Previous studies from our group have related A1AD phenotypes to emphysema distribution and physiology. Parr et al3 showed that the carbon monoxide transfer coefficient (Kco) related better to upper-zone emphysema and FEV1 to lower-zone emphysema. Holme and Stockley4 explored this by assessing a small number of age-matched patients with isolated FEV1 or Kco abnormality defined as < 80% predicted for age and sex. The data confirmed that isolated FEV1 abnormality linked with a more basal emphysema distribution and isolated Kco abnormality with a more apical distribution. However, the small number of subjects precluded determining whether the patterns change with time and any demographic association. The aim of the current study was to explore factors that might predict or be associated with physiologic phenotypes and to assess progression over time to determine whether or how these phenotypes might change.

The first 530 patients with PiZZ and complete baseline data to 2008 who attended the Antitrypsin Deficiency Assessment and Program for Treatment (ADAPT) project were included in a cross-sectional study. The longitudinal study included 255 patients with at least 3 years of follow-up (four data points).

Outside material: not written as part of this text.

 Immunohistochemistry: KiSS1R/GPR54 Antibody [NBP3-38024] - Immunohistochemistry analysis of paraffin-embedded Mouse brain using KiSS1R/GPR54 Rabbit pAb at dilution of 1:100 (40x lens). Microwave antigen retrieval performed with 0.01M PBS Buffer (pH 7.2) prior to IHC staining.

Patients were reviewed at least 6 weeks after any exacerbation and underwent full pulmonary function tests (PFTs) using British Thoracic Society and the Association of Respiratory Technicians and Physiologists guidelines,5 blood gas sampling, quantitative CT imaging (where possible), health status assessment (St. George’s Respiratory Questionnaire [SGRQ]), and breathlessness assessment (modified Medical Research Council dyspnea score). For a subgroup of patients, mean exacerbation frequency per year was defined using the Anthonisen criteria.6 Although subjects were entered into the ADAPT project at differing stages of their disease, their survival was defined from the date of their first PFTs until the censor date of January 7, 2012, or date of death if that occurred earlier. The South Birmingham Ethics Committee approved this study (LREC No. 3359), and written informed consent was obtained from all patients.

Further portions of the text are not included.